> _Entries provided_:
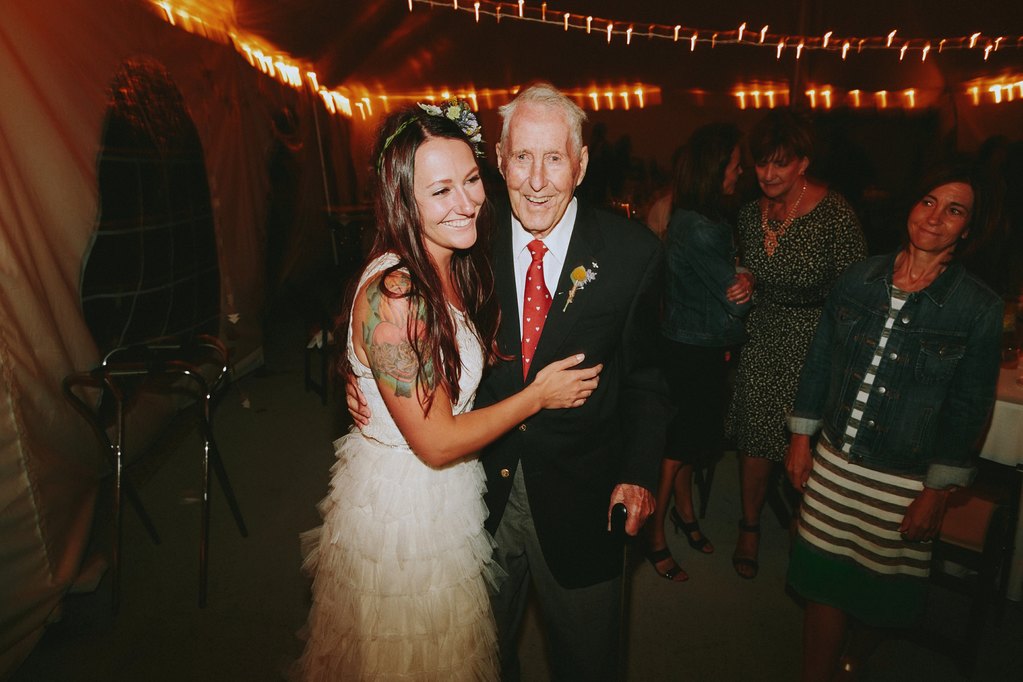 Bride dancing with grandfather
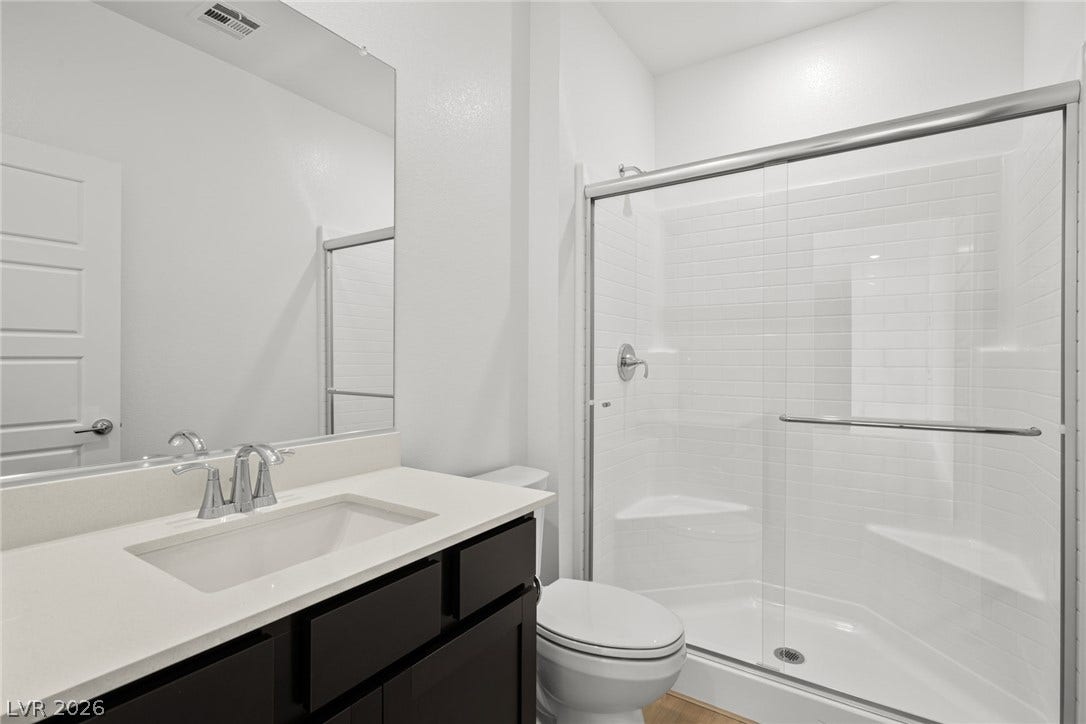 1670 Capri Falls Court, Henderson, NV 89011 A modern vanity with stone counters complements a spacious glass-enclosed shower.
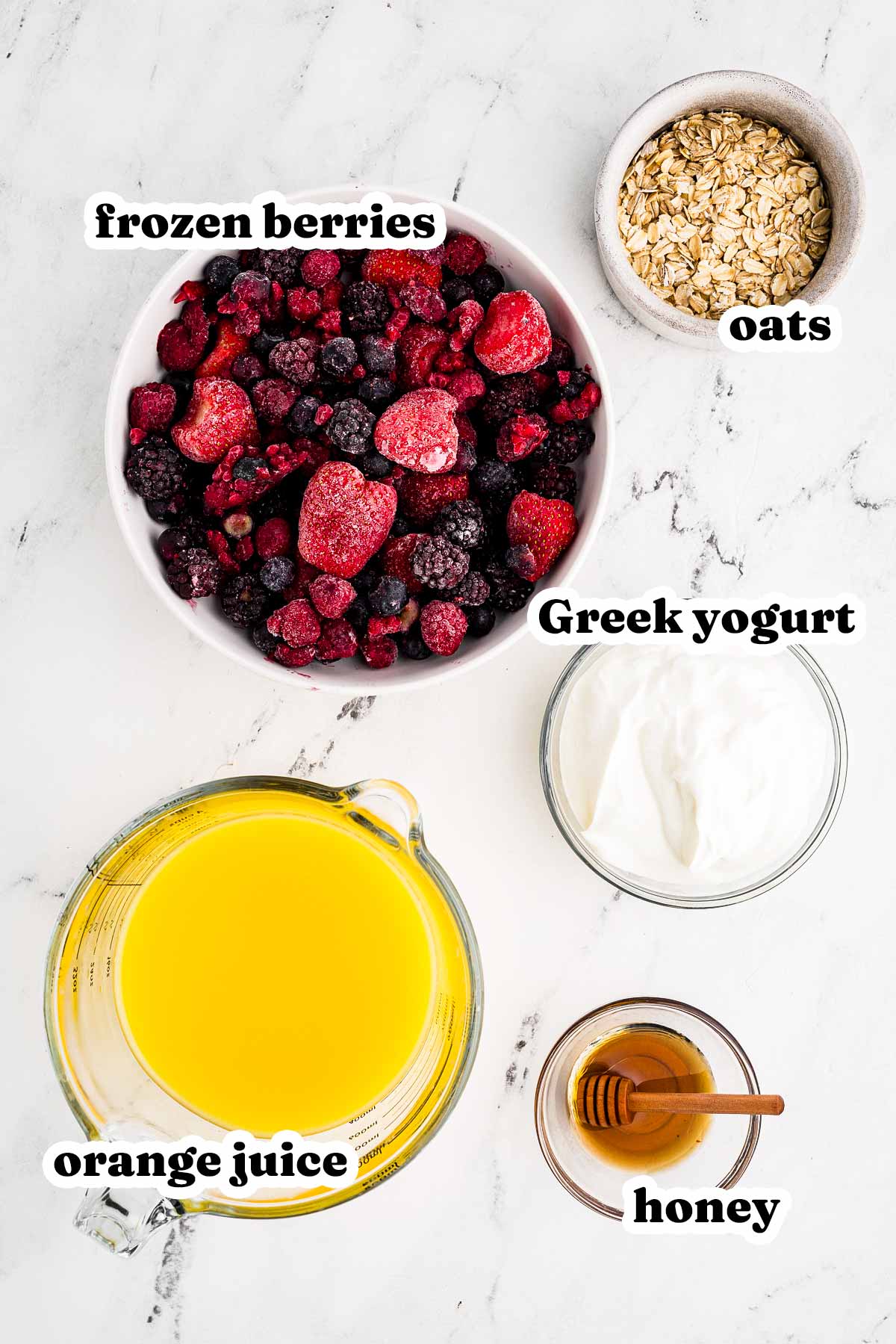 overhead view of ingredients to make mixed berry smoothie with text labels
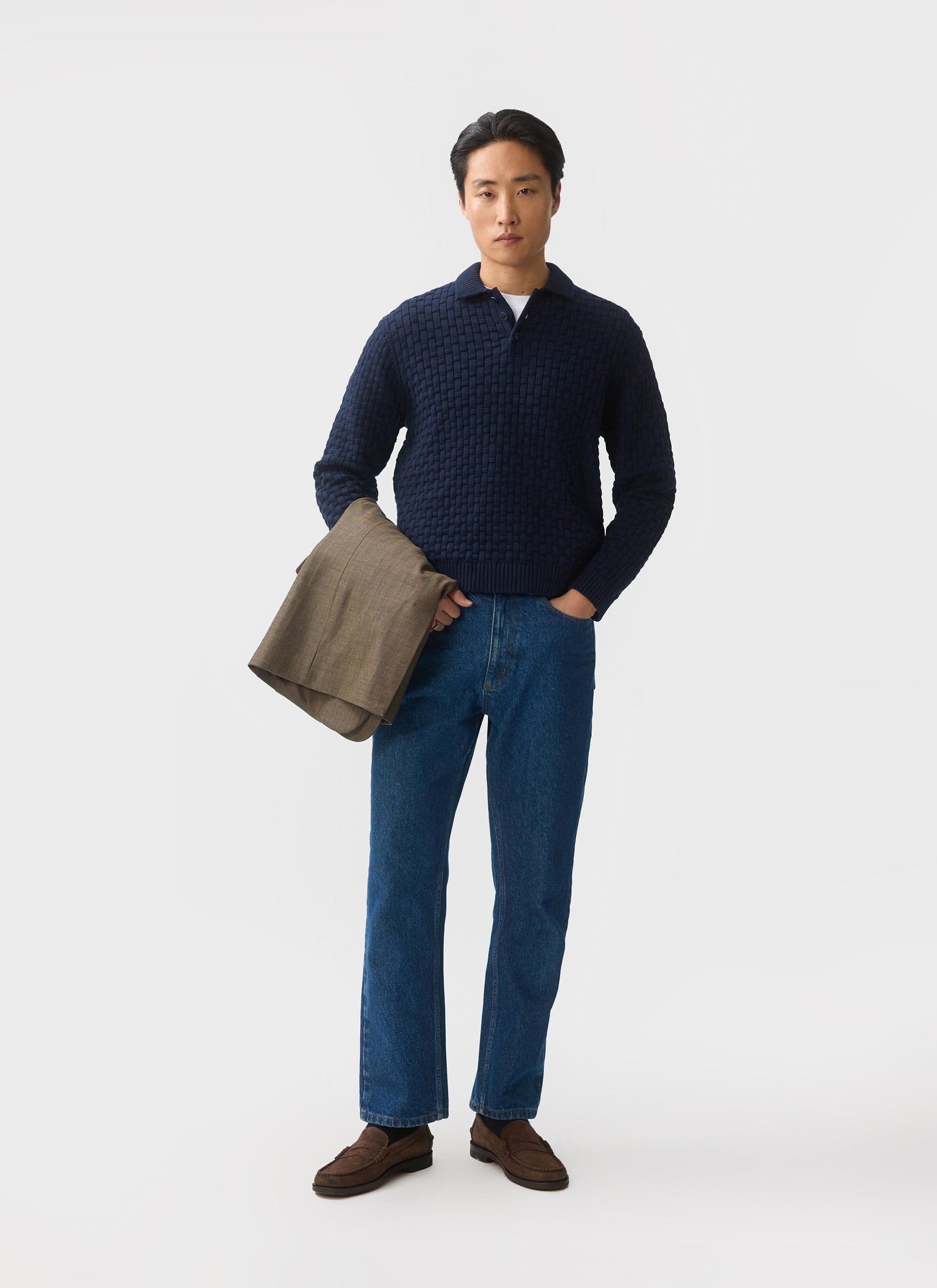 A model wears the Percival Archer Basketweave Knitted Shirt in navy, styled with blue jeans and holding a brown jacket.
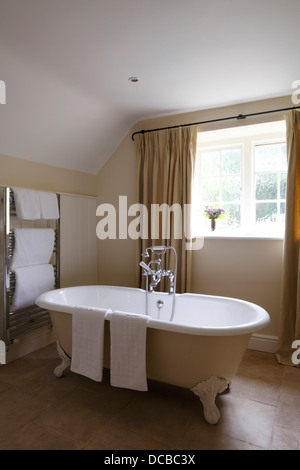 Free standing claw-foot bath in front of window, Barnsley, UK. Stock Photo
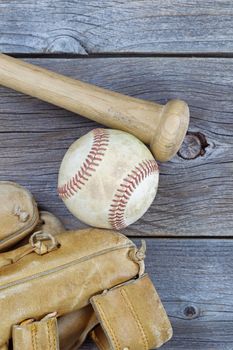 Vertical image of a partial old worn glove, bat and used baseball on rustic wood 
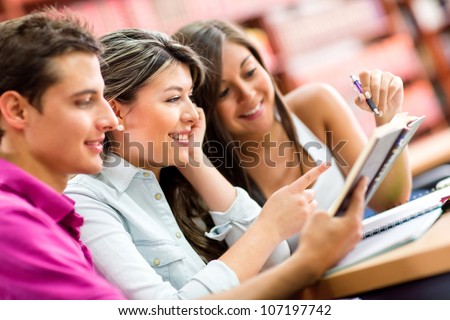 Group of young people studying with a book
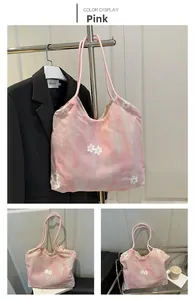Detailed close-up of pink tie-dye fabric tote bag with 3D white floral embroidery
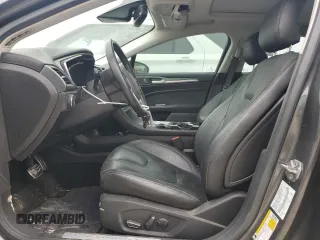 2016 Ford Fusion Titanium Hybrid with VIN 3FA6P0RU9GR289892, listed as a Copart auction lot 42735125 with 82,386 mi miles and Salvage Title. Bid and sale history available at carsss.com. Image 7.
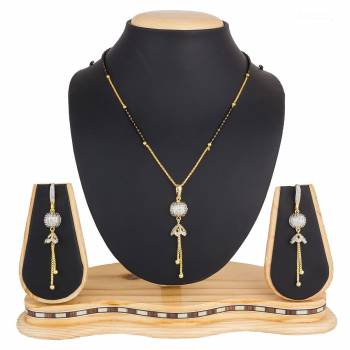 Here Is A New And Unique Patterned Designer Mangalsutra Set In Golden and Silver Color. This Pretty Set Comes A Pretty Pair Of Matching Earrings. It Is Beautified With Attractive Dimaond Work With Unique Designs. Buy Now.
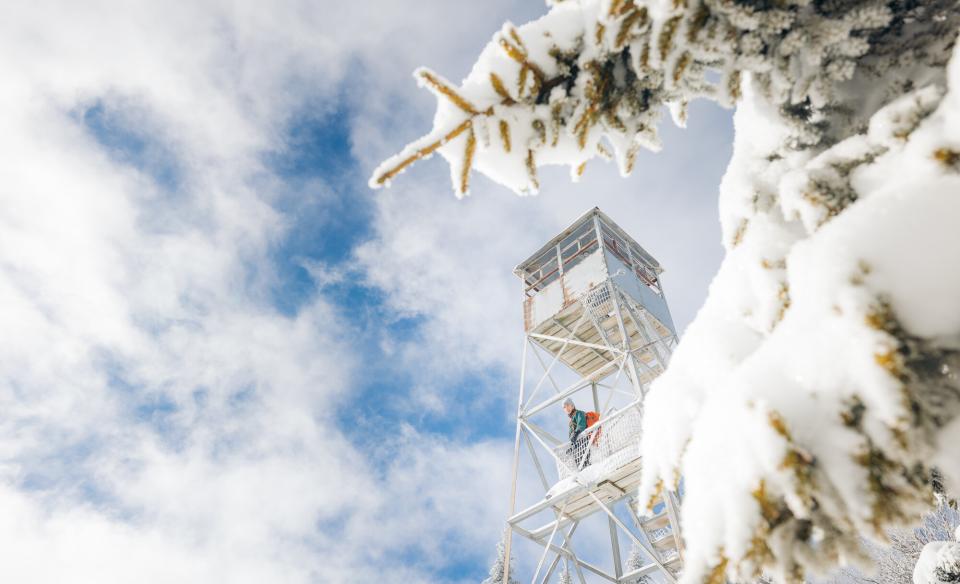A hiker on the snowy firetower on Owls Head Mountain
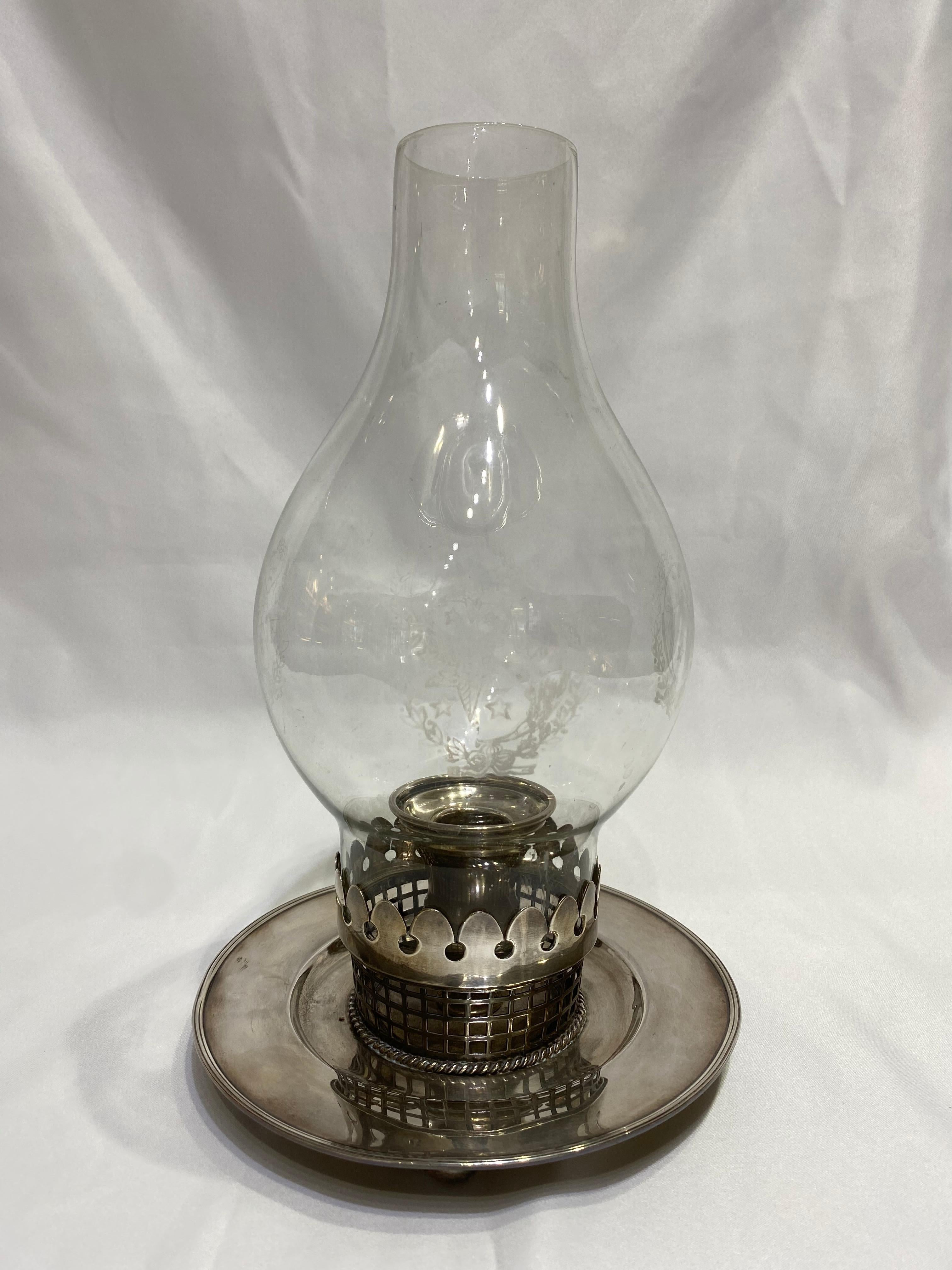 Product details:

Circa 1900.
Featuring sterling silver and hand blown etched glass with star motif. 
Stamped Sterling on the bottom.
The weight is 478.8 g. and 399.0 g. 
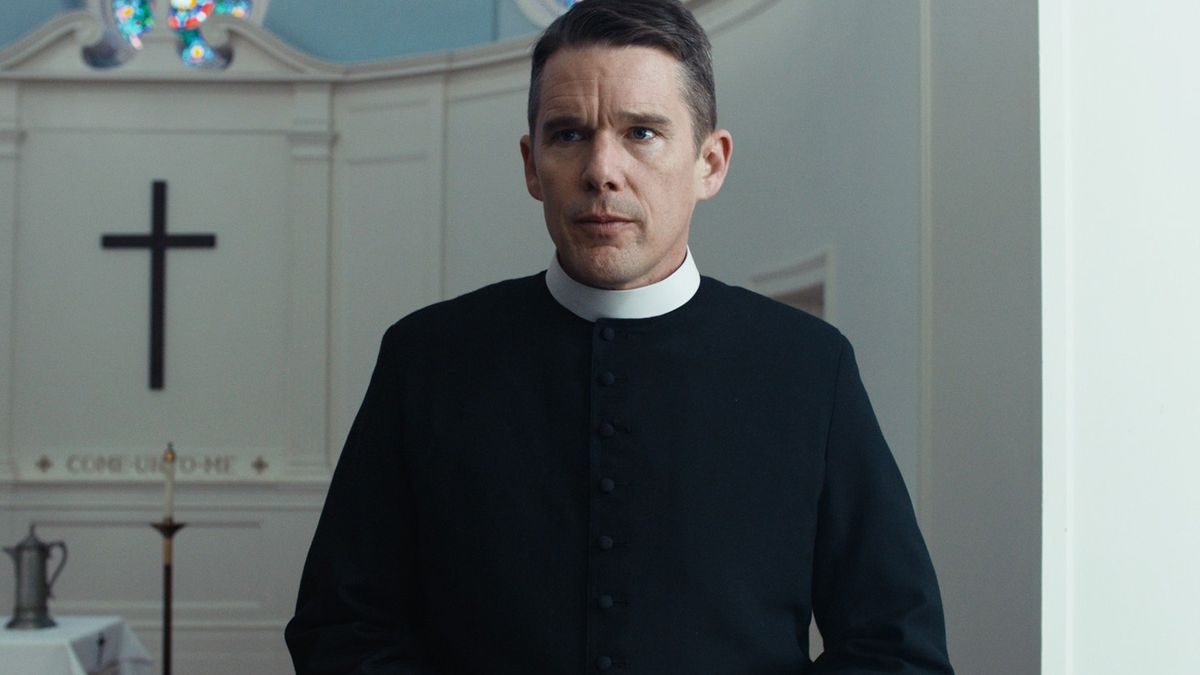 A man in priest attire (Ethan Hawke) stands behind a lectern with a black cross visible in the background.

> _Exercise directions_: The response should hold only an exact retyping of the lines from the beginning of the data through the line containing "2016 Ford Fusion", both ends kept, pictures omitted.

> _Answer box_:
 Bride dancing with grandfather
 1670 Capri Falls Court, Henderson, NV 89011 A modern vanity with stone counters complements a spacious glass-enclosed shower.
 overhead view of ingredients to make mixed berry smoothie with text labels
 A model wears the Percival Archer Basketweave Knitted Shirt in navy, styled with blue jeans and holding a brown jacket.
 Free standing claw-foot bath in front of window, Barnsley, UK. Stock Photo
 Vertical image of a partial old worn glove, bat and used baseball on rustic wood 
 Group of young people studying with a book
Detailed close-up of pink tie-dye fabric tote bag with 3D white floral embroidery
 2016 Ford Fusion Titanium Hybrid with VIN 3FA6P0RU9GR289892, listed as a Copart auction lot 42735125 with 82,386 mi miles and Salvage Title. Bid and sale history available at carsss.com. Image 7.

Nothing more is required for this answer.